DATASET EXTRACT>
○ ○ ○ ○
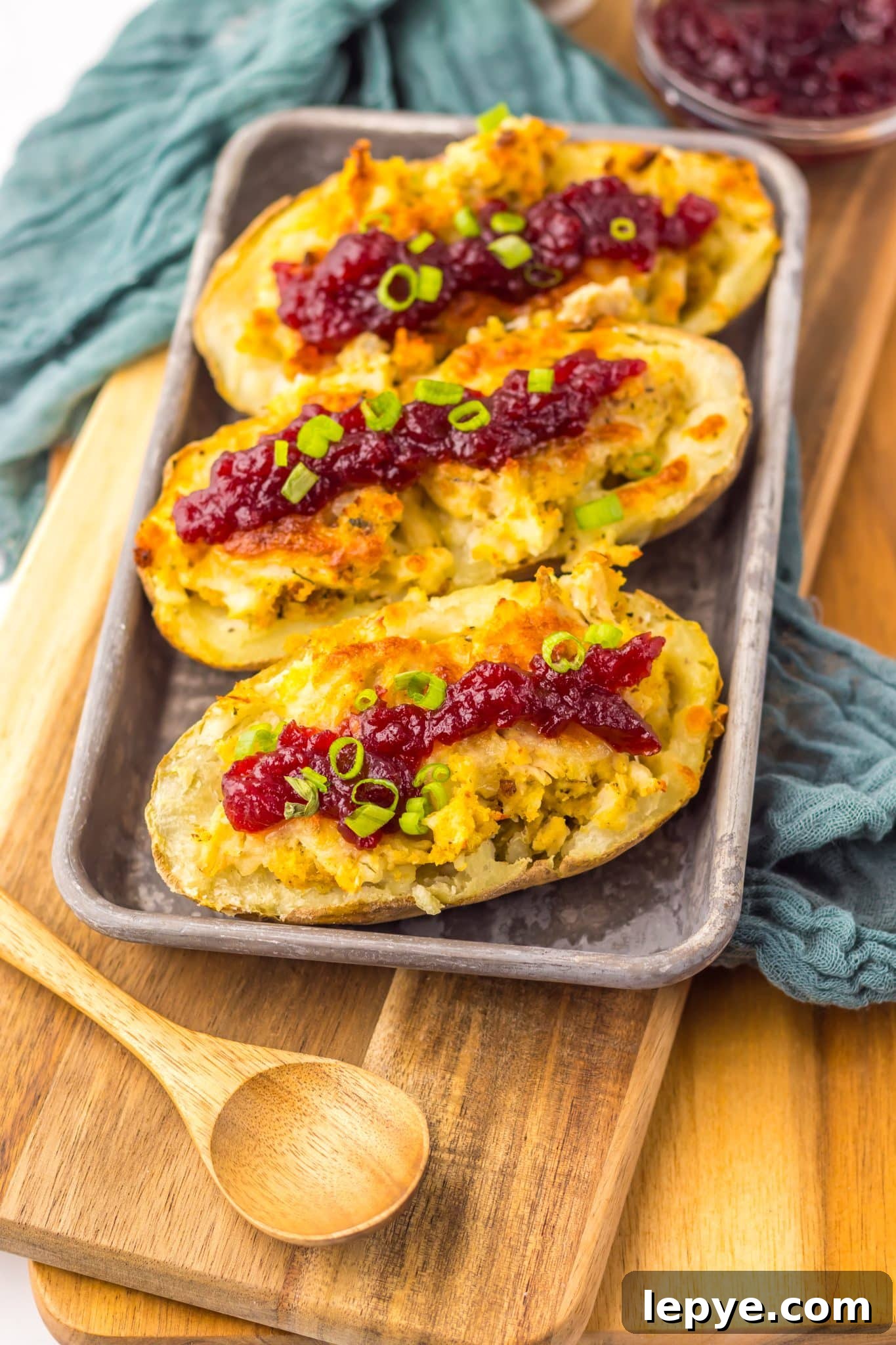 cookie sheet full of thanksgiving potato skins
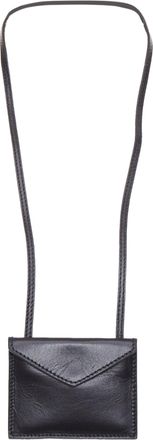 Giambattista Valli black leather mini envelop pouch necklace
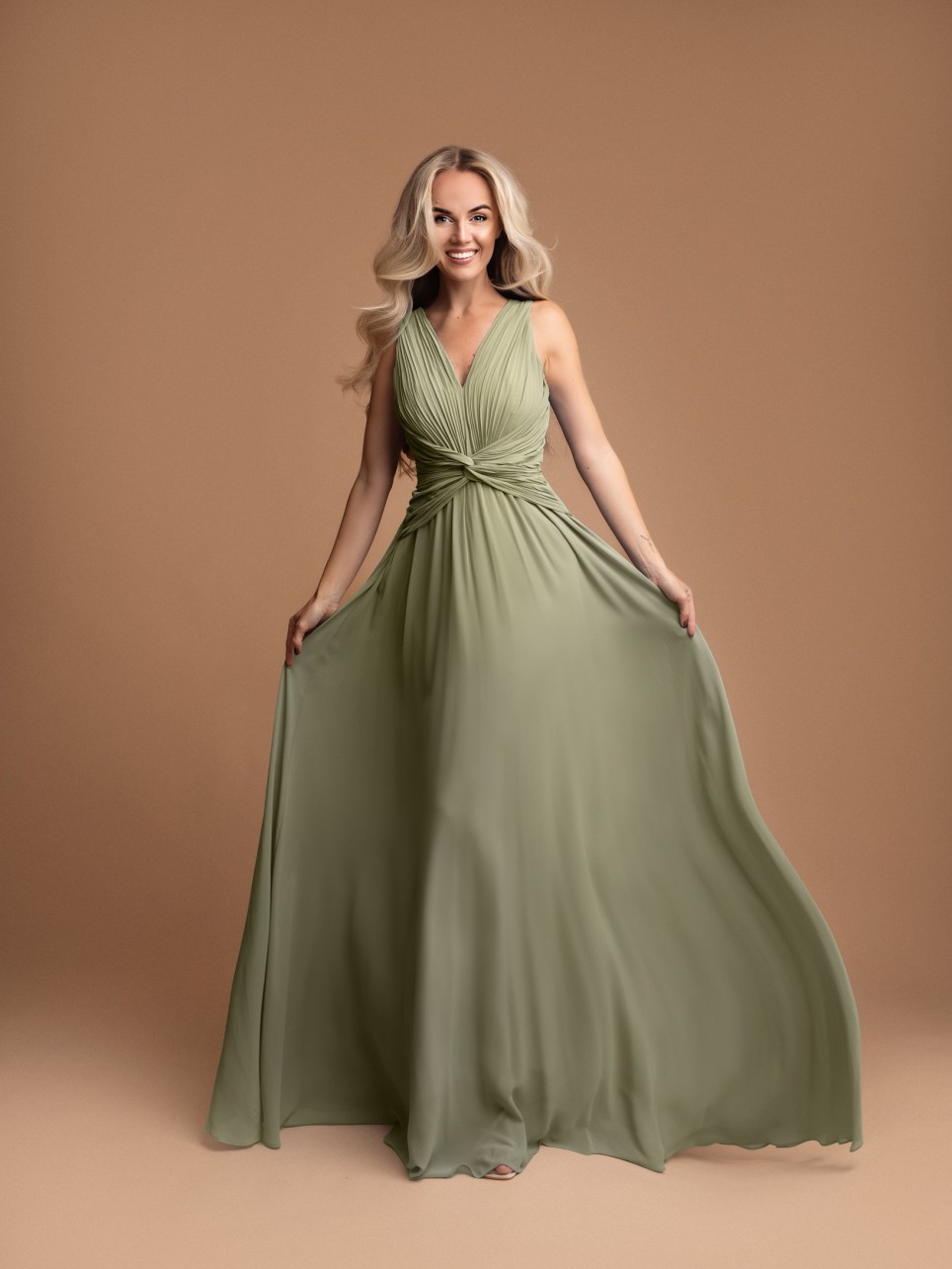 Sukienka Maxi Gładka Hendi Szałwia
○ ○ ○ ○
REQUIRED WORK> Every line in the data above needs to be given again exactly, pictures aside.

REPLY>
 cookie sheet full of thanksgiving potato skins
 Giambattista Valli black leather mini envelop pouch necklace
 Sukienka Maxi Gładka Hendi Szałwia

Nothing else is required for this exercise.